Humans do not fear black and white so much as they fear shades of grey. Take sexual orientation for example. Much of western society is starting to come on board for what is broadly termed as ‘gay rights’. Gay and straight are becoming more and more accepted as viable options for one’s sexual orientation. However, what of the bisexual? Bisexuals are still rendered invisible or untrustworthy by the homosexual community and are considered a fetish by many in the heterosexual ‘community’. Many homosexuals are fine with other homosexual or straight people, but the bisexual is merely a ‘closeted’ homosexual or a person that greedily soaks up heterosexual privilege to them. This degrading view has dwindled somewhat since the height of second-wave feminism in the 80s and early 90s but I still run into these stereotypes. I should know, I am bisexual and I used to work for an organization heavily involved in LGBT issues. It isn’t that homosexuals or heterosexuals are unable to comprehend the bisexual, it is just that they are disgusted (or interested) by the possibility that a continuum of sexual orientation exists and that it is not binary.

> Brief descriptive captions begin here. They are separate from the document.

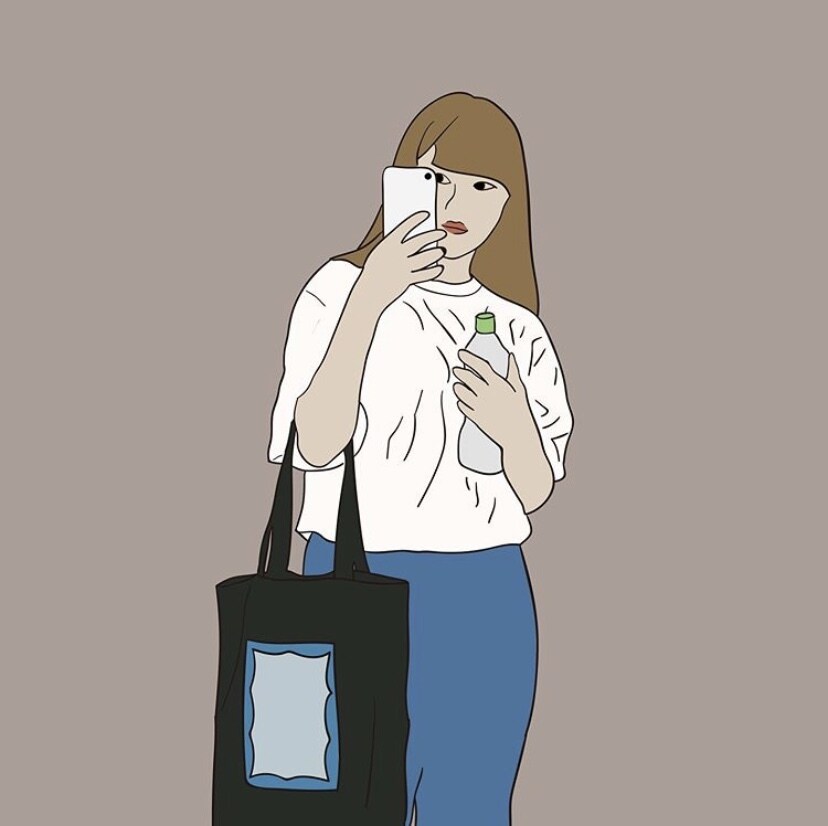 いただいた画像からイラストを制作します お気に入りの画像からイラストをデザインし制作します イメージ10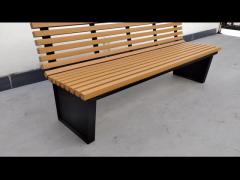 Outdoor Recycled Plastic Benches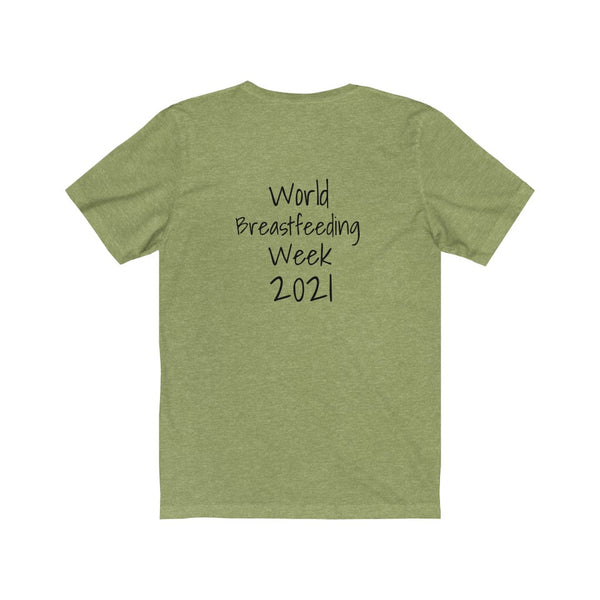 World Breastfeeding Week Tee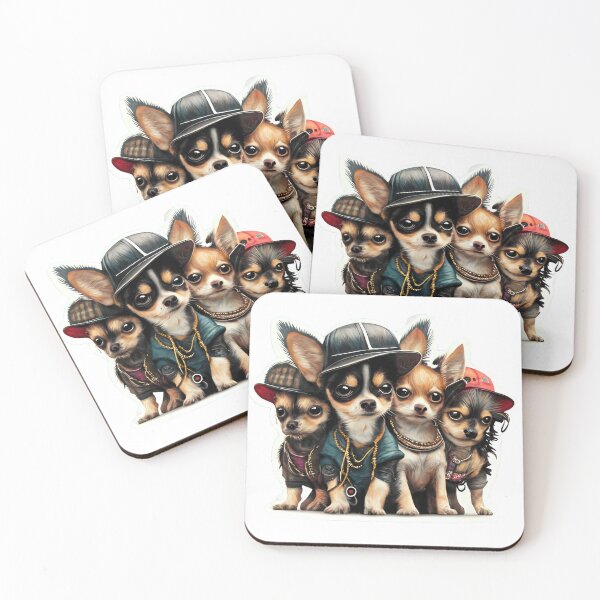 Item preview, Doggo Gang designed and sold by Studio-g.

The same can be said of gender and I won’t belabor that point. As a transgenderist, I am abhorred by both male and female as I seem to blur the lines between the two. Bring up the newer understanding that gender is a continuum and people start bleeding out of their eye sockets. Even sex is not binary due to the presence of intersexed conditions. Binaries are so much easier to understand, so much easier to insert an ‘us vs. them’ mentality into. Ironically, just as the poles of the binary can be used to create such a mentality, the poles themselves can unite against those that prove the binary wrong.
For the amoral, or “fluid morality”, psychopath, this blurring takes on a whole different meaning – one that is often disturbing for the non-psychopath. People often think in terms of good and evil, believing that a person is one or the other, but not both. This is interesting considering how growing up that we are taught that all possess good, they may just need to find it and that once they do, they can take a path toward being a truly good person.
For amoral psychopaths like yours truly, good and evil do not consciously enter the picture. We do “good” when it serves us and we do “evil” when it serves us. There is almost always some other angle involved. For instance, I tip very generously at a restaurant I frequent and am good friends with the employees. I don’t do this to be a ‘good’ person. I do this to ensure that I am one of their favorite patrons and that I will always have a more than friendly place to call home on a rough day when I just need to get out. One day long ago, I was involved in an auto accident and just left. For me it was not worth it to stick around and risk financial repercussions. I believed the risk that the other party would call the police was low since there was such minor damage (to my eye) so in the moment ‘evil’ made much more sense for my well-being.
The idea that a single person could do good one day and evil that very same day is boggling to most. But morality, like many other things, is also a continuum. I happen to fall in the middle, truly inclined to do neither good nor bad on a consistent basis. The truth is that there is rarely black and white, but rather a greyscale. Be it sexual orientation, gender, morality, or any number of other characteristics, humans must accept the fact that it is not required that everyone fall perfectly on the end points of the interval. The fact is that one must open their eyes to the uncomfortable fact that someone could give them a free meal one day and stab them in the back the next. Humans understand black and white and they need to be less afraid of the grey, for it is all around.